TRPGのセッション内では、基本的にPCが動いた場面がシーンになり、表舞台となる。それ以外は全て舞台裏となり、表舞台でマスターが指定して登場しているPC以外のキャラクター(PCもNPCも)皆舞台裏にいることになる。

ここで時々見られるのは、敵NPCの暗躍をシーンにして見せる、という手だ。

ドラマや映画などではよくある表現だが、TRPGでやるとなると、わたしとしてはあまり歓迎したくない。なぜなら、それがセッションを面白くなくする原因にもなりうるからである。

まず何といってもシーン上にPCがいない。前述したように、TRPGのセッションは、PCがシーンを動かすものである。プレイヤーが事態を把握し、今後の顛末を推理することもTRPGの面白さのひとつであると言ってよい。

ここで舞台裏に引っ込んでいるべきNPCの暗躍するシーンを作ると、わざわざ事件の黒幕が誰かを教えてしまっているようなものだし、それによって推理・予測する面白さが半減してしまう。

例を挙げてみよう。

PCたちはある連続殺人事件に巻き込まれ、事件の解決をすることになった。

現場を一通り調べてみるが、なかなか捜査は進展しない。PCたちが捜査に四苦八苦しているうちに、次の犠牲者が出てしまった。

このシチュエーションにおいて考えてみよう。

マスターの暗躍シーンが入るとしたら、「PCたちが捜査に四苦八苦・・・・次の犠牲者が出てしまった」というところだろう。

ではここで、次の犠牲者が殺されるシーンを作ったとすると、どうなるか。

マスターに表現力があれば、そのシーンは臨場感のある、スリルに満ちたシーンになるだろう。しかしながら、プレイヤーとしては拍子抜けである。

なぜなら、「次の犠牲者が死ぬ」ということをPCよりも先にプレイヤーが知ってしまうからだ。

プレイヤーがPCの行動に先んじて事件の真実を推理したり予測したりするのは構わないと思う。ただ、シナリオ中に起こった事実は、プレイヤーとPCは同時に知るべきだろう。

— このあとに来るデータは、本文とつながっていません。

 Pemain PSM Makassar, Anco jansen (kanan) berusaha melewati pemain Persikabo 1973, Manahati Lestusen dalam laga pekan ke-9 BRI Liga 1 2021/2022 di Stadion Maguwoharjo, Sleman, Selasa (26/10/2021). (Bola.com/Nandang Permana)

でなければ、「早くしないと次の犠牲者が出る」と解決を急ごうとする捜査シーンでの緊迫感が、プレイヤーが先に犠牲者が出る、というのを知ることで途切れてしまい、今までの雰囲気が台なしになってしまうことがあるのだ。

このようなシナリオの場合、たいていは犠牲者が出る人数は決められていて、それまで事件は進展しないものが多く、プレイヤーに要らぬ倦怠感を持たせることになる。

「進展していないと見せかけておいて実はリアルで事件は進行しており、PC達は核心に近づいていて、あることに気づけば一気に事件は急展開を迎える」という遠回しなテクニックとして使うことも可能だが、そうするためにはマスターに相当の技量が必要であろう。それにこういうやり方で進めるのにNPCのシーンなどなくてもいい。

ドラマやアニメにはよく、主人公たちのシーンの合間に黒幕っぽい影が部下に次の指示を出すシーンなどが入ることがある。

TRPGに置き換えてみよう。登場する全てのキャラクターがPC(黒幕ですらも)なのだ、と考えるなら、黒幕の暗躍シーンは「黒幕PCのシーン」と考えられる。

要はドラマやアニメなどの視聴を目的とした作品では、PC・NPCという垣根が存在しないので、全員がマスターの操るNPCで、プレイヤーは外で「ただ見てるだけ」か、全員PCでマスターの作るワールドの中で個々に動いている、と考えるのが妥当である。

前者の場合、マスターは監督、プレイヤーは視聴者である。全員NPCなのだから、プレイヤーの関与するところはひとつもない。マスターがシーンだけを流し、それをプレイヤーは見てるだけである。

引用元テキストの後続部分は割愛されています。